On Friday, Galvano — a lawyer and former president of the National Council of Legislators from Gaming States — mentioned other gambling-related issues “if we are to appropriately address gaming.”
For instance, he said it’s not just about regulating sports betting: A bill this year “would include more of a comprehensive impact on the pari-mutuels, from tax rates to hours of operation, things of that nature that we can still still address” outside of the amendment.
Pari-mutuels are the state’s dog and horse tracks that also offer other gambling, such as card games and — in South Florida — slot machines. Voters, however, also outlawed betting on dog racing in another amendment that passed last year. Facilities can keep other gambling.
As of now, disparate gambling law tweaks have been tucked in other bills for 2019. That includes language in a theft bill (SB 406) that would criminalize the unauthorized use or “appropriation” of horse racing simulcasts for what’s known as “intertrack wagering.”
But Galvano also pointed to a need to “stabilize and present new terms or modified terms to the existing (Seminole) Compact.” As a House member, Galvano was one of the architects of the original Compact, signed in 2010.
Lawmakers have yet to OK a renewed deal, or compact, with the Seminole Tribe of Florida that guarantees the state $3 billion over seven years from the Tribe’s gambling revenue. That’s in return for continued exclusive rights to offer blackjack and slot machines outside of South Florida.
Despite the lack of an agreement, the Tribe “in good faith” continues to pay the state its cut from the blackjack tables. The Seminoles have paid the state more than $200 million yearly, and had been projected to pay over $380 million for this fiscal year.
The Tribe also is building a 450-foot, guitar shaped hotel tower at its Seminole Hard Rock Hotel & Casino in Hollywood, part of a new $1.5 billion hotel and entertainment complex there. It fully owns the Hard Rock brand of hotels and casinos around the world and in Florida, including Hollywood and Tampa.
“They have made a tremendous investment, billions of dollars in their facilities, but yet they still lack craps and roulette games that are traditionally in casinos of that magnitude,” Galvano said.
“I know they would like to see that.

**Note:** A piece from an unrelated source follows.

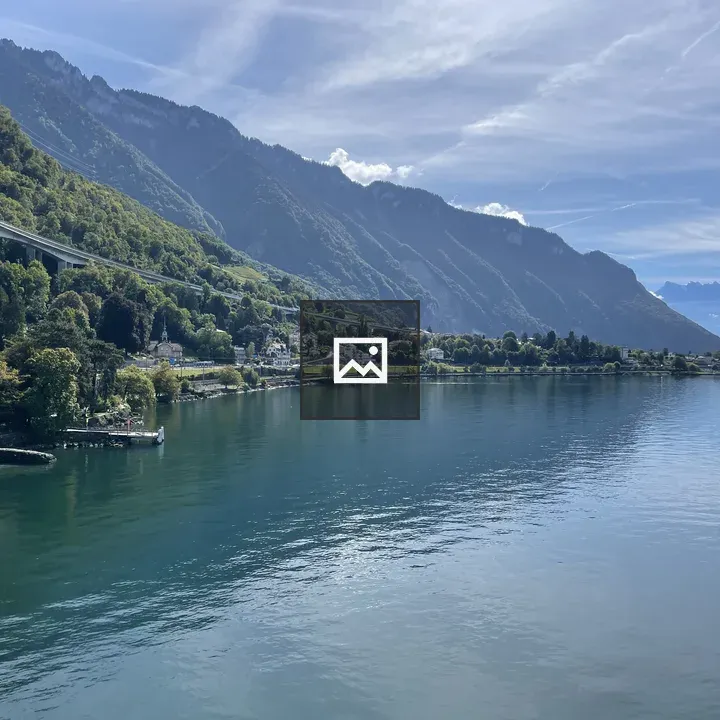 Serene lake with green hills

They have an interest, as I understand, in (offering) sports betting and they do want stability because they can operate and work with their financiers in a more stable environment (and) they can point to an agreement that is not in flux, so to speak.”
Seminole Tribe spokesman Gary Bitner declined comment last week, though he has previously said “stability has always been the Tribe’s primary goal.”

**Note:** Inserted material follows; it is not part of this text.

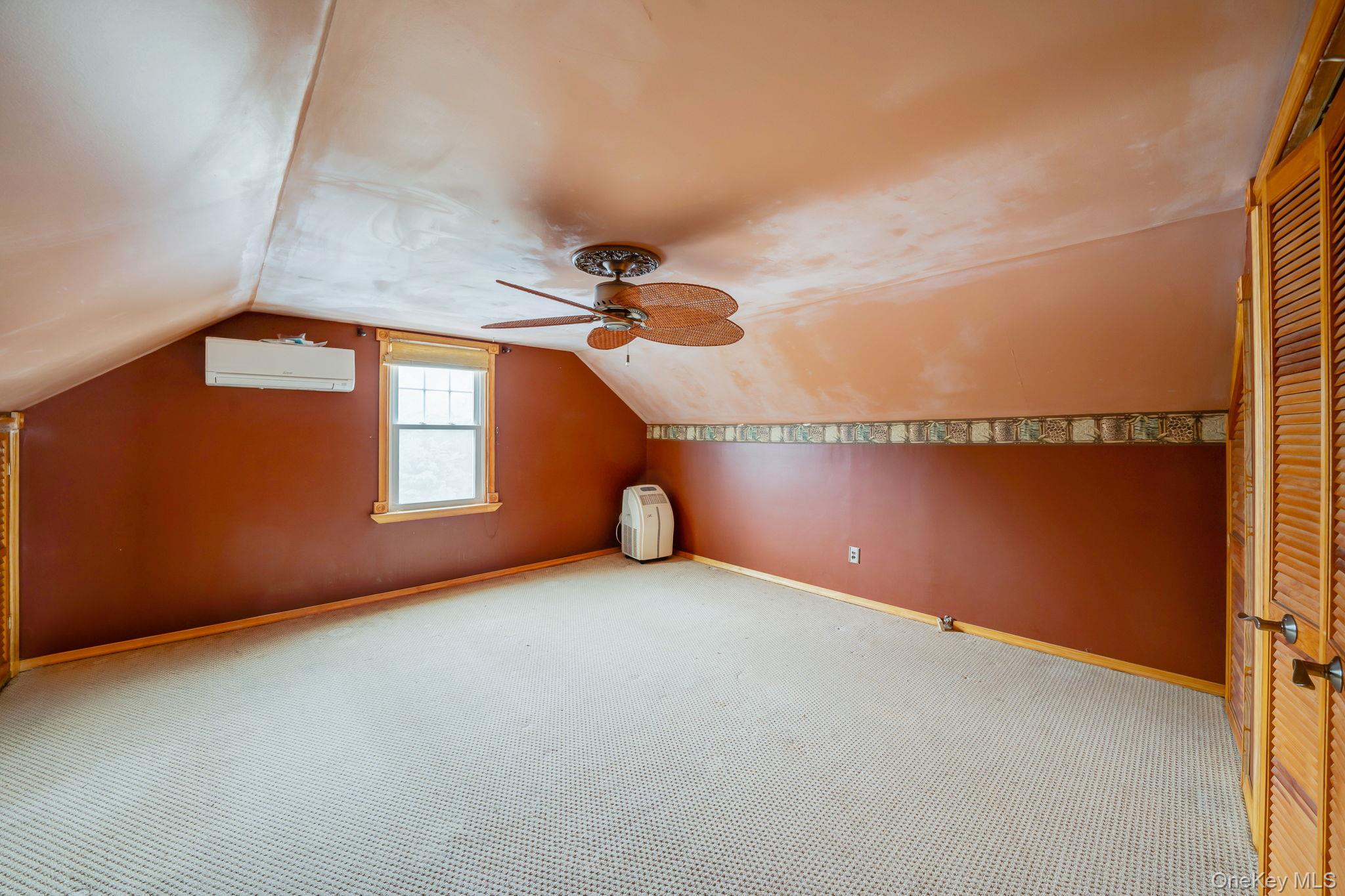 778 Terry Road Hauppauge, NY 11788 - Photo 24 of 29 Additional living space with vaulted ceiling, carpet, ceiling fan, and a wall mounted AC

Pari-mutuel lobbyist Nick Iarossi said he believes “a deal can be made that strikes the right balance between the existing pari-mutuel industry and the Tribe.”
Getting a deal through the Legislature “is no easy task, but the last guy to successfully navigate a compact through the legislative process was Bill Galvano,” Iarossi said.
“The President understands what all the involved parties need to achieve in order to get a deal done that benefits the state. On top of that, he has a great working relationship with the House Speaker (referring to Miami Lakes Republican Jose Oliva). So the recipe for success is there.”
Asked his appetite to tackle gambling legislation this year, Oliva declined comment through a spokesman later Friday.
And even if lawmakers only move a sports betting bill, it’s still likely to be met with a lawsuit.
John Sowinski, president of Voters in Charge, the political committee behind the amendment, said “only Florida voters, by constitutional initiative, have the authority to authorize any form of casino gambling, including sports betting.”
And “any legislation that ignores Amendment 3 and its overwhelming voter support is patently unconstitutional and an affront to the will of the people,” he added.
Moreover, Seminole Tribe lawyer Barry Richard has said any legislative approval of sports betting and even fantasy sports would violate the state’s promise of gambling exclusivity to the Tribe.
Galvano said he thinks “probably the most prudent course would be to run a legislative authorization of (sports betting) concurrently with … some sort of (statewide) referendum — sort of a belt-and-suspenders type of approach.
“Because I do believe, if we just authorize it, we’re going to have some challenges and some litigation that will fall.”